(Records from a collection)
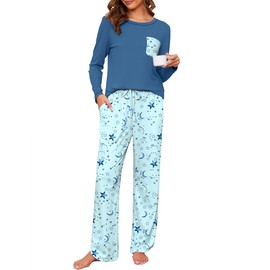 Namatime Cotton Pajamas for Women Set 2 Piece Lounge Sets Print Long Sleeve Soft Pj Set Fall Loungewear Sleepwear with Pockets Maternity Postpartum Pajamas Blue L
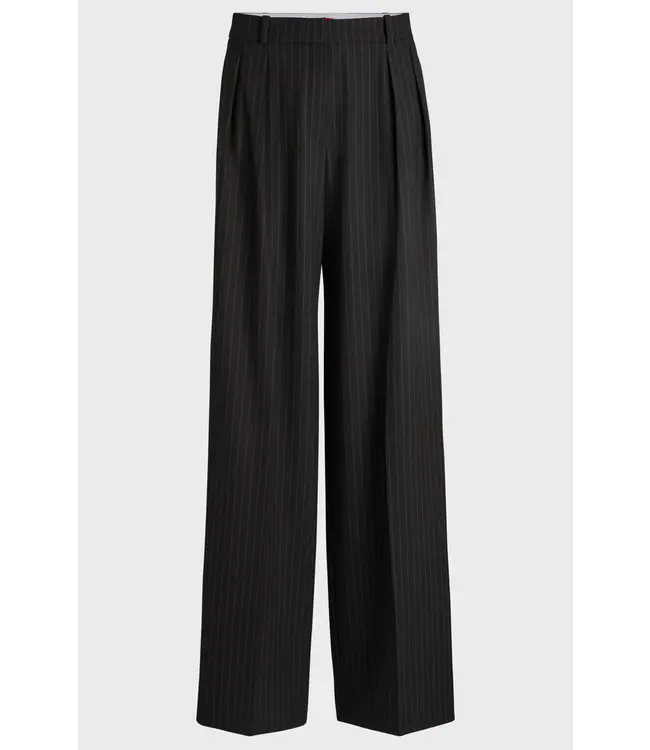 BOSS Pantalon à coupe régulière en tissu extensible à rayures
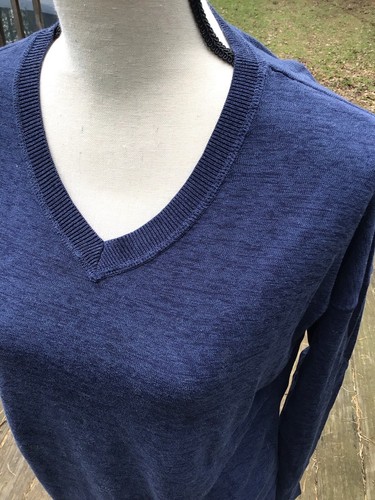 Talbots Damen weiches Strickoberteil mit V-Ausschnitt in Blau Größe M - Bild 3 von 4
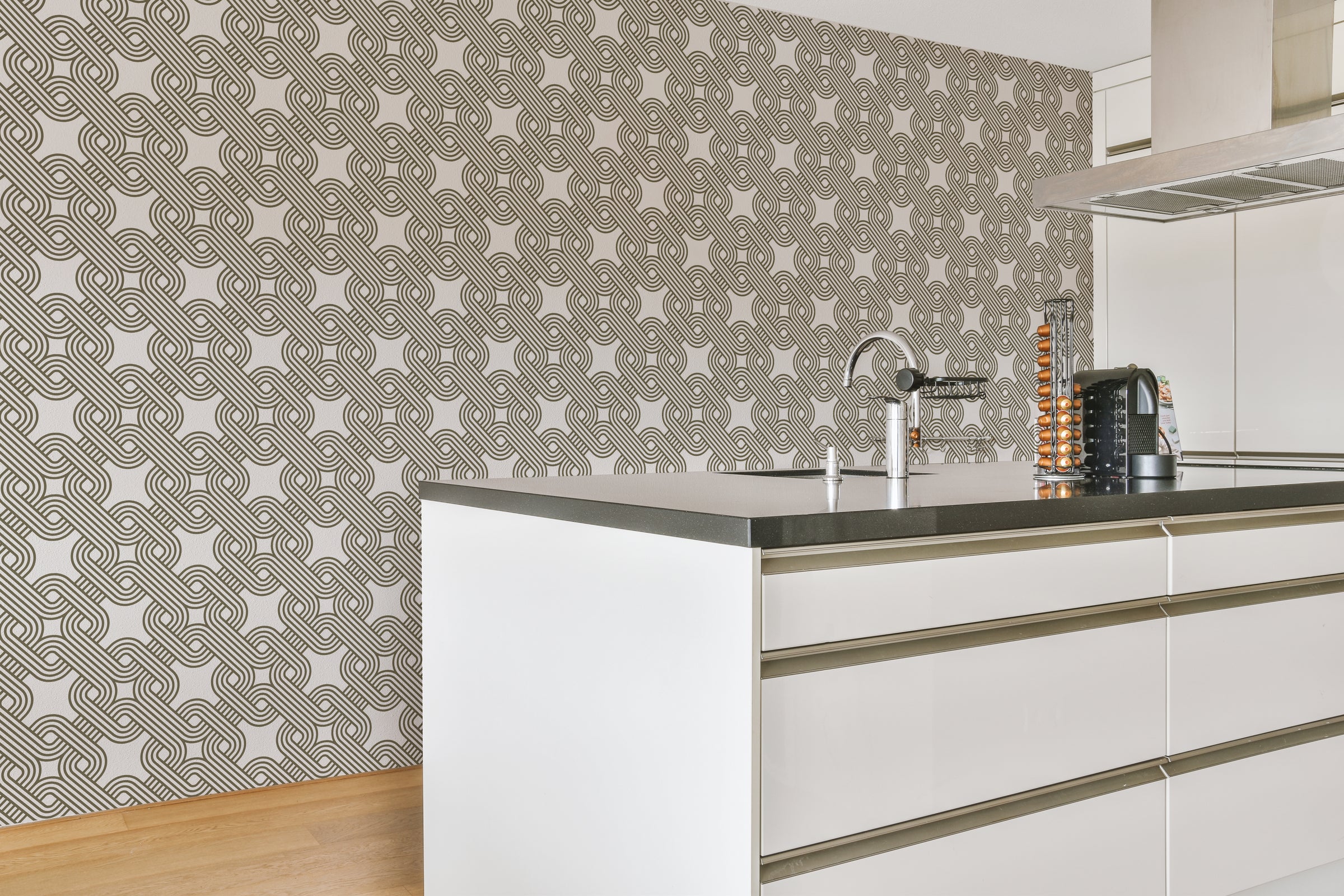 Geometric Pattern Wallpaper in olive green art deco line design for kitchen featuring retro abstract wall mural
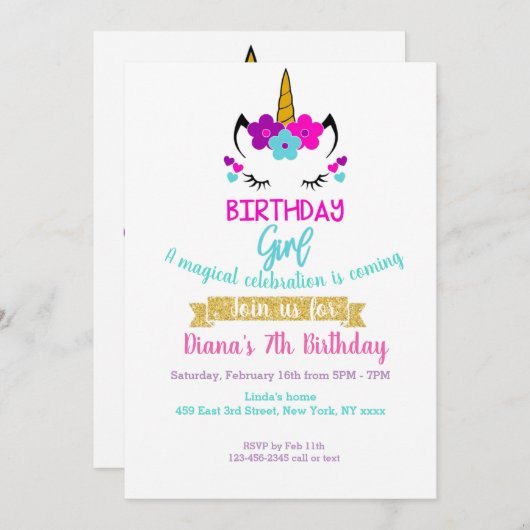 ガールズ誕生日招待状ユニコーンテーマ 招待状 (正面/裏面)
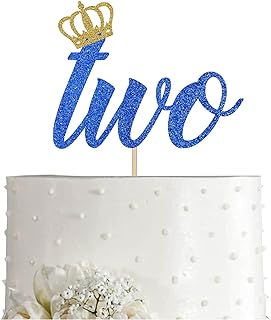 Prince 2nd Birthday Cake Topper Royal Blue Gold Glitter Boy 2 Years Birthday Party Supplies, Decorations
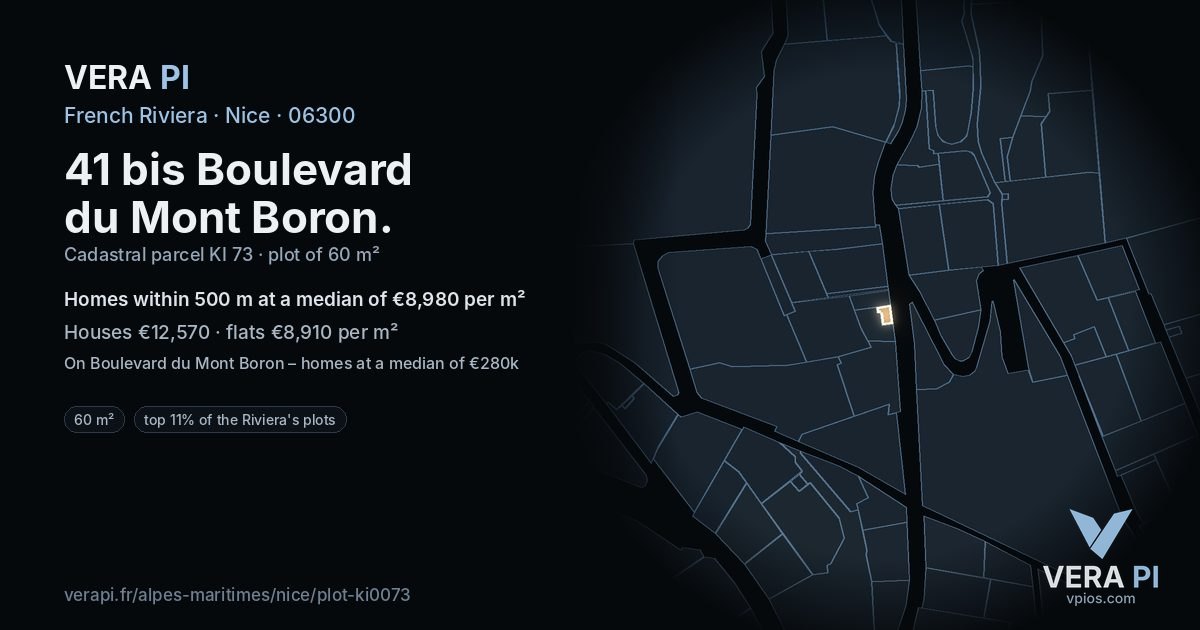 41 bis Boulevard du Mont Boron, Nice at night – the plot lit, the parcels around coloured by the prices near them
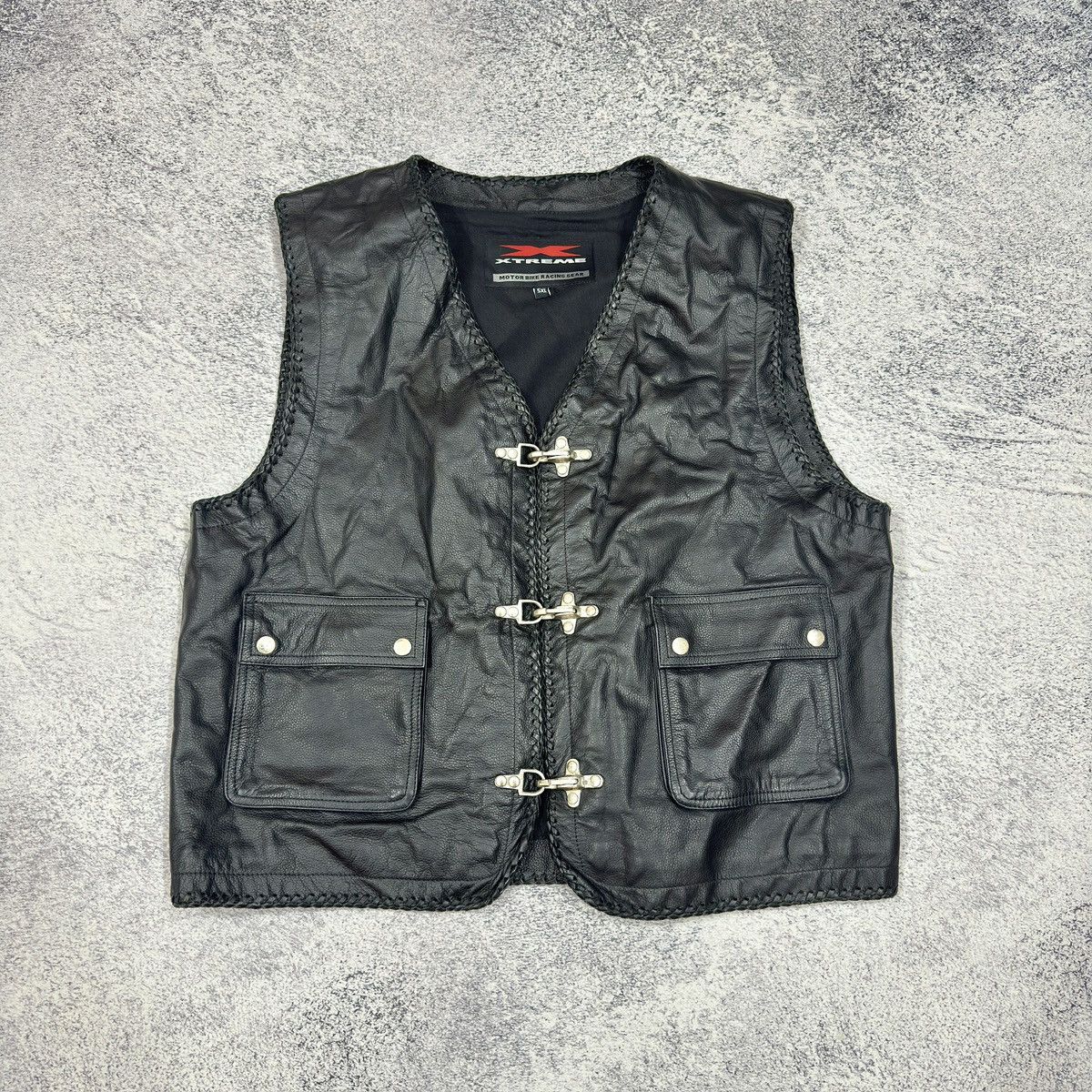 Designer × Leather X-Treme Anarchy Black Leather Vest XL size Size US XL / EU 56 / 4 - 1 Thumbnail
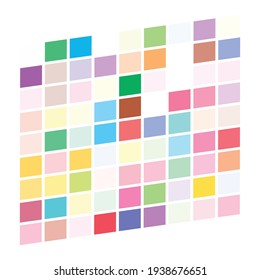 Tessellation, mosaic colorful, light colored squares, rectangles pattern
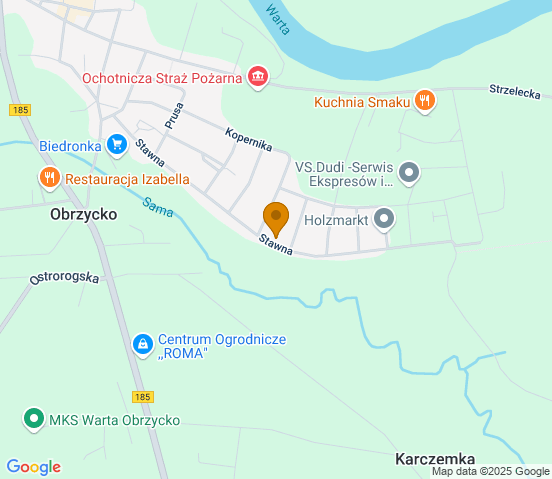 Mapa dojazdu do warsztatu samochodowego w miejscowości Obrzycko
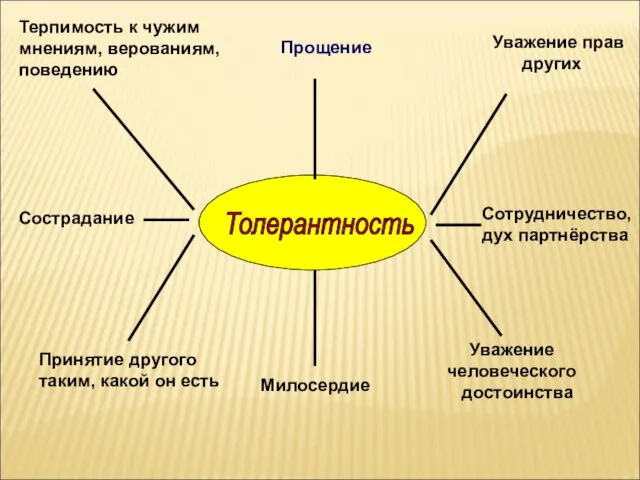 Толерантность Прощение Милосердие Уважение прав других Сотрудничество, дух партнёрства Уважение человеческого достоинства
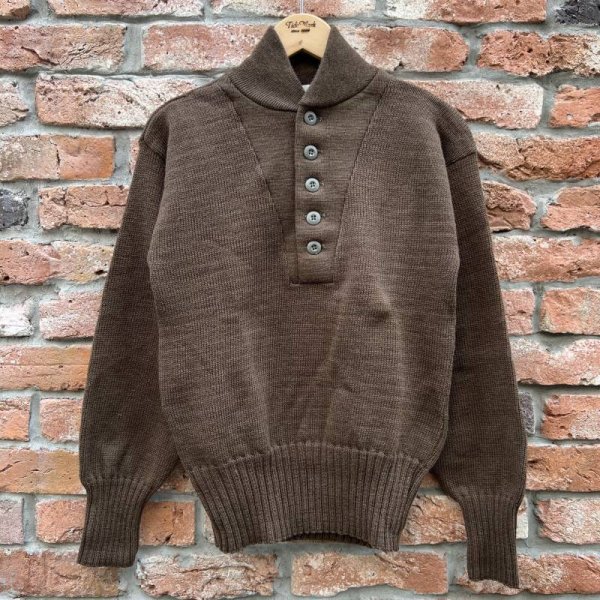 画像1: DEAD STOCK 1981's US ARMY Henry Neck Sweater　Size MEDIUM (1)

• Problem details
Copy the lines starting at the line that contains "Mapa dojazdu do" and running to the final line of the entries, inclusive; omit all pictures.

• Task output
 Mapa dojazdu do warsztatu samochodowego w miejscowości Obrzycko
 Толерантность Прощение Милосердие Уважение прав других Сотрудничество, дух партнёрства Уважение человеческого достоинства
 画像1: DEAD STOCK 1981's US ARMY Henry Neck Sweater　Size MEDIUM (1)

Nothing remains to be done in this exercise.